■ EXERCISE DETAILS ■
Nothing should appear in the answer except the lines below from the line containing "Two Pounds 2023 Glaciers - Mars: Photo" through the line containing "Backpack Trolley - 4", copied exactly, with pictures left out.

■ EXERCISE MATERIAL ■
•••••

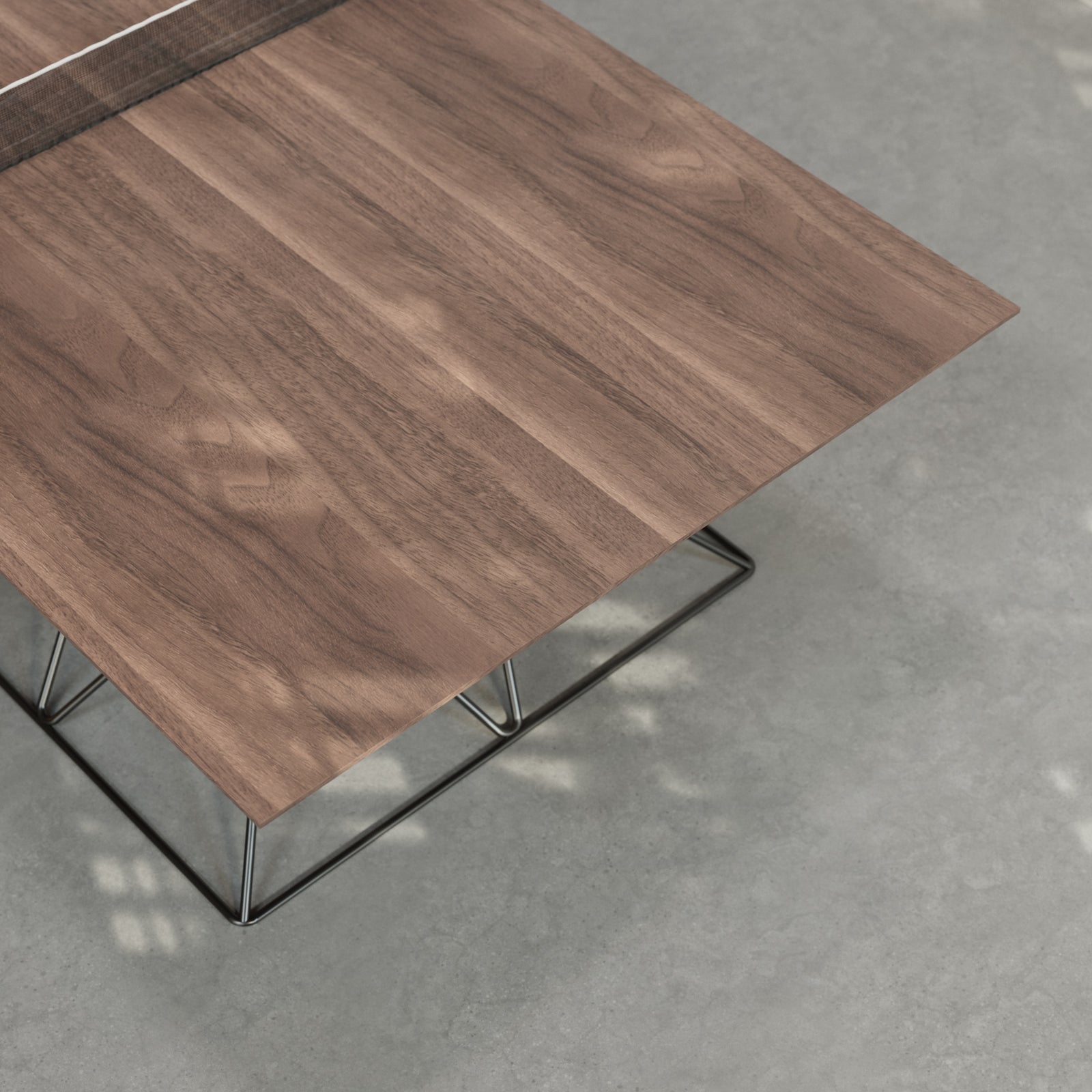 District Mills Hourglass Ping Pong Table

•••••

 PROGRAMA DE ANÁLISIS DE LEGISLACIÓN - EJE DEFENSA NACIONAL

•••••

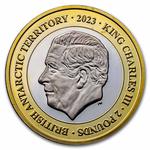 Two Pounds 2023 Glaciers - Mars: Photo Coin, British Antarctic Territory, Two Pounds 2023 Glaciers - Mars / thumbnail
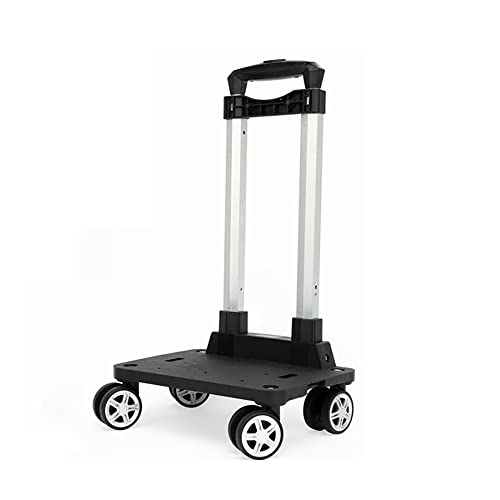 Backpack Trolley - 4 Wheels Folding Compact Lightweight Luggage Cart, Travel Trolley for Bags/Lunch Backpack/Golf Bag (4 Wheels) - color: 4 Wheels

•••••

■ ANSWER SECTION ■
 Two Pounds 2023 Glaciers - Mars: Photo Coin, British Antarctic Territory, Two Pounds 2023 Glaciers - Mars / thumbnail
 Backpack Trolley - 4 Wheels Folding Compact Lightweight Luggage Cart, Travel Trolley for Bags/Lunch Backpack/Golf Bag (4 Wheels) - color: 4 Wheels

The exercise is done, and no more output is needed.